Yes thanks, fixed it –  Cu7l4ss Aug 30 '11 at 16:21
    
I assume that the answer that you found was mine. The reason you did not fully understand it is because the discussion was about infinite summation which is only equivalent to multiplication of two infinite cardinals in under some additional axioms. In my answer I'd shown that. The multiplication is just as easily defined with or without the additional axioms, and that is the essence of the first part of my answer there. –  Asaf Karagila Aug 30 '11 at 16:43
    
@Asaf Karagila Yes I've and I queried other answers too from that same question. The original problem is that I got stuck on using the cantor-bernstein theorem and not seeing other ways to prove it. –  Cu7l4ss Aug 30 '11 at 20:05

1 Answer 1

up vote 9 down vote accepted

$\mathfrak{c}\times\mathfrak{c} = 2^{\aleph_0}\times 2^{\aleph_0} = 2^{\aleph_0+\aleph_0} = 2^{\aleph_0} = 1\times 2^{\aleph_0} \leq \aleph_0\times 2^{\aleph_0}$.

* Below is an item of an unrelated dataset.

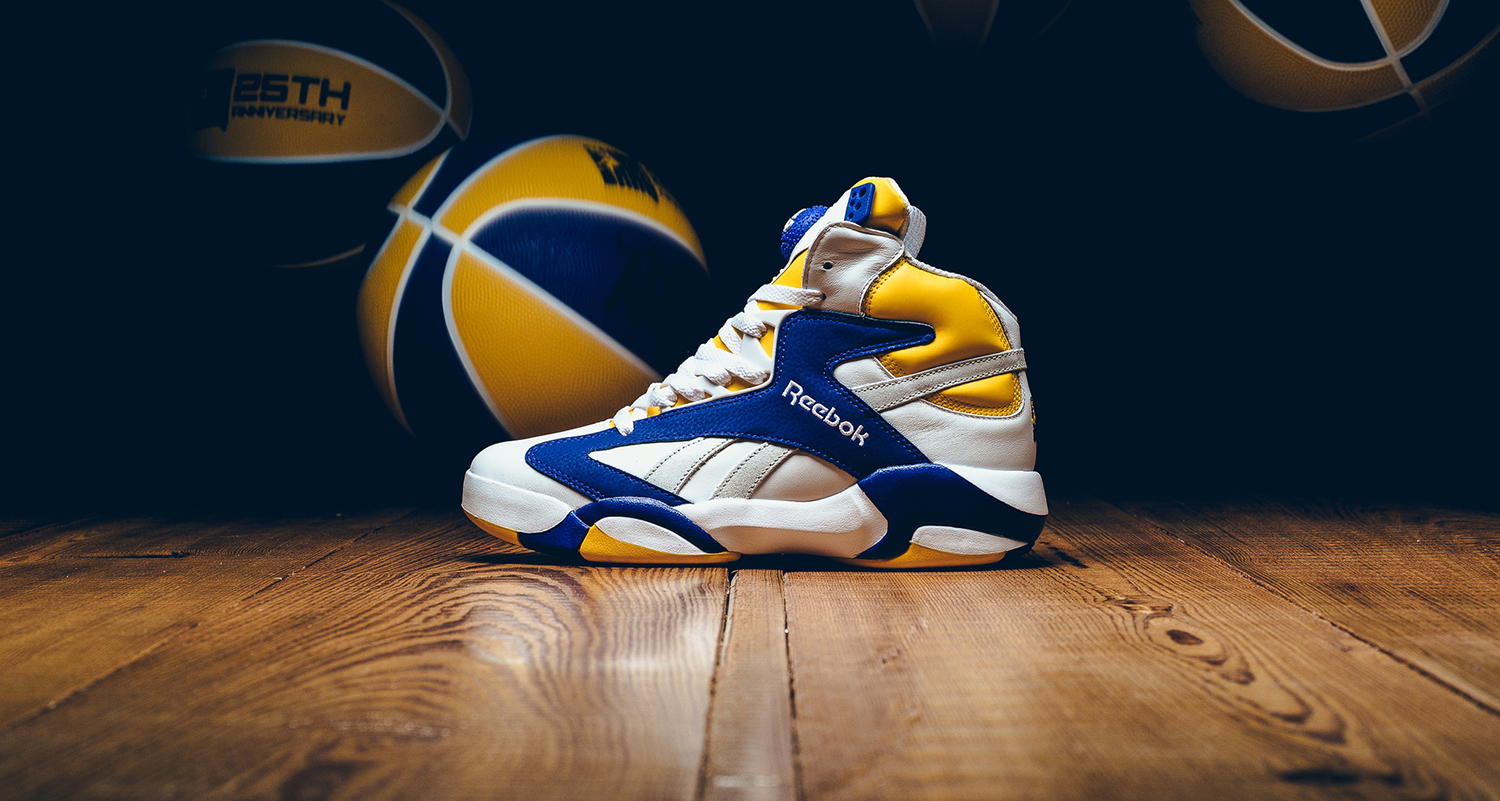 Sneaker Politics x Reebok Shaq Attaq "Alma Mater"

For the equality $2^{\aleph_0}\times 2^{\aleph_0} = 2^{\aleph_0+\aleph_0}$, note that a pair of functions from $\aleph_0$ to $\{0,1\}$ is equivalent to a function from the disjoint union of two copies of $\aleph_0$ to $\{0,1\}$.

Since $\aleph_0+\aleph_0$ is the cardinality of the disjoint union of two copies of $\aleph_0=\omega$, and $2^{\kappa}$ is the cardinality of the set of all functions from $\kappa$ to $\{0,1\}$, the above argument seems to meet your requirements.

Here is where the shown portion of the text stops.